### REQUIREMENT
Transcribe each of the entries exactly.

::::

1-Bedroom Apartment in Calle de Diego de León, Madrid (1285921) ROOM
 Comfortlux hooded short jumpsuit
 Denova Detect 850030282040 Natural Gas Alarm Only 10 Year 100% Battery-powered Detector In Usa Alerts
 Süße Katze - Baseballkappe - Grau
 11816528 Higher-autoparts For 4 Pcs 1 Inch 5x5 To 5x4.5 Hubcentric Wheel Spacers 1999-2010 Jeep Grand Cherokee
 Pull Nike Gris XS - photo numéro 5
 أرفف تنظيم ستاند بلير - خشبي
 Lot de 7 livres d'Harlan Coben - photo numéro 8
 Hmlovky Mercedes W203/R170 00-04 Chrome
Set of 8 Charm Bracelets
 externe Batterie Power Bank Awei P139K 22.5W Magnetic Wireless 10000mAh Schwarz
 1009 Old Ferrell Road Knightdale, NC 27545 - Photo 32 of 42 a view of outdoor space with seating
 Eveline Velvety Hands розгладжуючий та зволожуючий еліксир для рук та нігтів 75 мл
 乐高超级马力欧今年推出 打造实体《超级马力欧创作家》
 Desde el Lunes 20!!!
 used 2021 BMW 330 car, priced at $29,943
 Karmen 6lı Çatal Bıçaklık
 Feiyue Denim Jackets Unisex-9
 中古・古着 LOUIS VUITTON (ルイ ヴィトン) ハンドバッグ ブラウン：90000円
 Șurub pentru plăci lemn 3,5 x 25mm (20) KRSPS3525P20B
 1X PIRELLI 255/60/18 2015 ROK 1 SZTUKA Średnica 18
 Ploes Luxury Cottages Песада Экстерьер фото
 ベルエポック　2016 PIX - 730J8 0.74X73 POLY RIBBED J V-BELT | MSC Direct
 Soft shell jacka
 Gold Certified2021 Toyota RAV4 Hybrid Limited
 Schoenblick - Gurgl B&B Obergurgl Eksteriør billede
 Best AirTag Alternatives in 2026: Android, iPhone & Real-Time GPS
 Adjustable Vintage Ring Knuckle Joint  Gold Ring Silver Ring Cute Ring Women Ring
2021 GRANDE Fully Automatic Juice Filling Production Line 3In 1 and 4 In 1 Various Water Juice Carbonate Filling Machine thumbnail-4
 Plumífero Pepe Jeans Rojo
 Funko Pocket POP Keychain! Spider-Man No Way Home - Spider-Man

::::

### OUTPUT BELOW
1-Bedroom Apartment in Calle de Diego de León, Madrid (1285921) ROOM
 Comfortlux hooded short jumpsuit
 Denova Detect 850030282040 Natural Gas Alarm Only 10 Year 100% Battery-powered Detector In Usa Alerts
 Süße Katze - Baseballkappe - Grau
 11816528 Higher-autoparts For 4 Pcs 1 Inch 5x5 To 5x4.5 Hubcentric Wheel Spacers 1999-2010 Jeep Grand Cherokee
 Pull Nike Gris XS - photo numéro 5
 أرفف تنظيم ستاند بلير - خشبي
 Lot de 7 livres d'Harlan Coben - photo numéro 8
 Hmlovky Mercedes W203/R170 00-04 Chrome
Set of 8 Charm Bracelets
 externe Batterie Power Bank Awei P139K 22.5W Magnetic Wireless 10000mAh Schwarz
 1009 Old Ferrell Road Knightdale, NC 27545 - Photo 32 of 42 a view of outdoor space with seating
 Eveline Velvety Hands розгладжуючий та зволожуючий еліксир для рук та нігтів 75 мл
 乐高超级马力欧今年推出 打造实体《超级马力欧创作家》
 Desde el Lunes 20!!!
 used 2021 BMW 330 car, priced at $29,943
 Karmen 6lı Çatal Bıçaklık
 Feiyue Denim Jackets Unisex-9
 中古・古着 LOUIS VUITTON (ルイ ヴィトン) ハンドバッグ ブラウン：90000円
 Șurub pentru plăci lemn 3,5 x 25mm (20) KRSPS3525P20B
 1X PIRELLI 255/60/18 2015 ROK 1 SZTUKA Średnica 18
 Ploes Luxury Cottages Песада Экстерьер фото
 ベルエポック　2016 PIX - 730J8 0.74X73 POLY RIBBED J V-BELT | MSC Direct
 Soft shell jacka
 Gold Certified2021 Toyota RAV4 Hybrid Limited
 Schoenblick - Gurgl B&B Obergurgl Eksteriør billede
 Best AirTag Alternatives in 2026: Android, iPhone & Real-Time GPS
 Adjustable Vintage Ring Knuckle Joint  Gold Ring Silver Ring Cute Ring Women Ring
2021 GRANDE Fully Automatic Juice Filling Production Line 3In 1 and 4 In 1 Various Water Juice Carbonate Filling Machine thumbnail-4
 Plumífero Pepe Jeans Rojo
 Funko Pocket POP Keychain! Spider-Man No Way Home - Spider-Man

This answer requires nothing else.